I get the stuff done that is urgent, like the laundry and groceries, the kids are well cared for, my husband is involved in childcare and chores. But whenever I have a moment with no urgent needs I just end up wasting the time – numbing, scrolling my phone. The list of things that need doing seems never ending, and despite wanting to make progress (like fixing a leaking tap or replacing a light globe) I just can’t seem to find the energy to start. It’s like life is overwhelming and the never ending list of things that need to be repeated every day or week is overwhelming. I know I need to improve my self care, but no matter how hard I try I can’t seem to make progress, I don’t get as much sleep as I need, I don’t eat well unless it involves feeding the kids too, I’m not as active as I’d like to be. I know I will feel better if I improve these things, yet I don’t. I also don’t have enough fun in life, mostly because I don’t know how to have fun, I don’t really know what my hobbies are.

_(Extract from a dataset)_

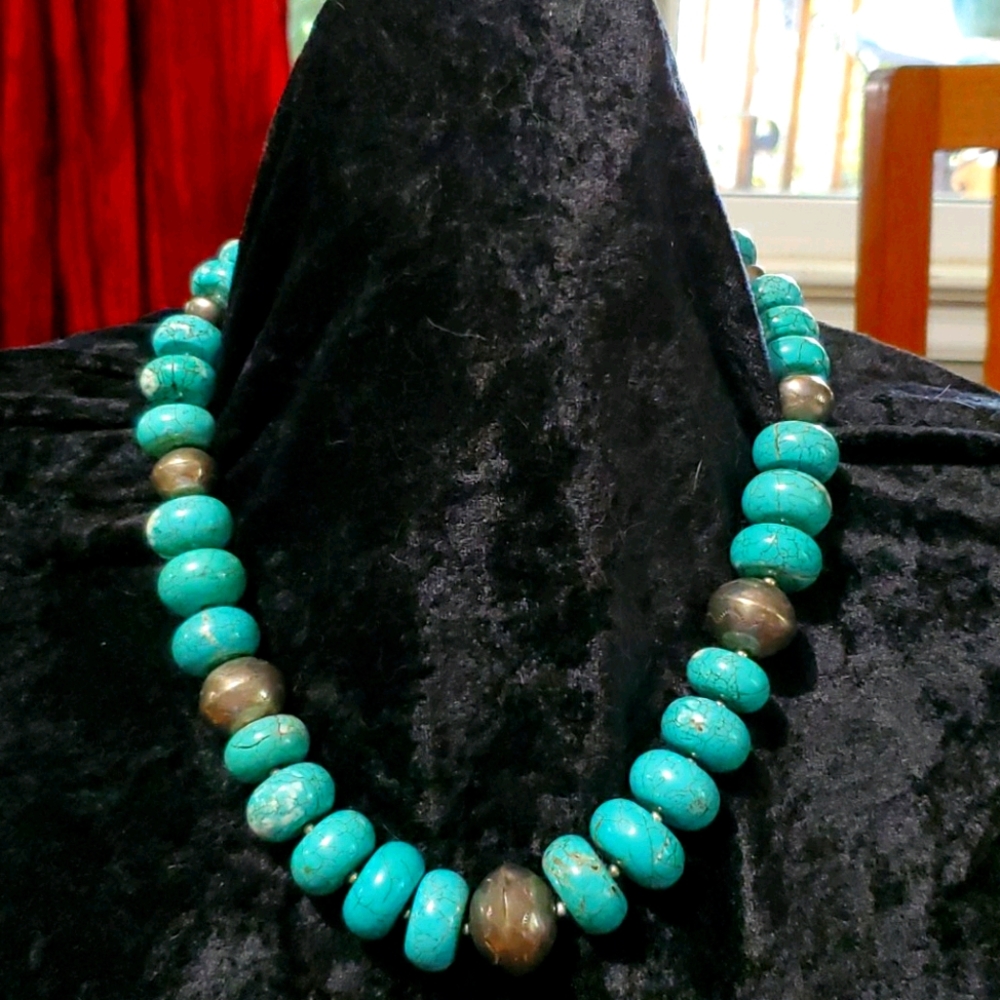 Vintage Turquoise & silver necklace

For the last couple of years I’ve always talked to my psychiatrist and psychologist as though I’m doing okay, yes I have anxiety but a normal level for things that were happening in life, yes I’m tired but I have a baby. To them I would have presented well with good insight. I really did believe I was doing well, but now I’m not so sure. What is a normal level of anxiety or stress? I see my psychiatrist next week, and a new psychologist in 3 weeks, but I’m not even sure how to explain to them what the problem is. I don’t feel like I can articulate it well. It’s like I want to be better but can’t do the things that I need to do to achieve that because I’m working so hard to stay afloat.
Has anyone else had this experience? What helped you?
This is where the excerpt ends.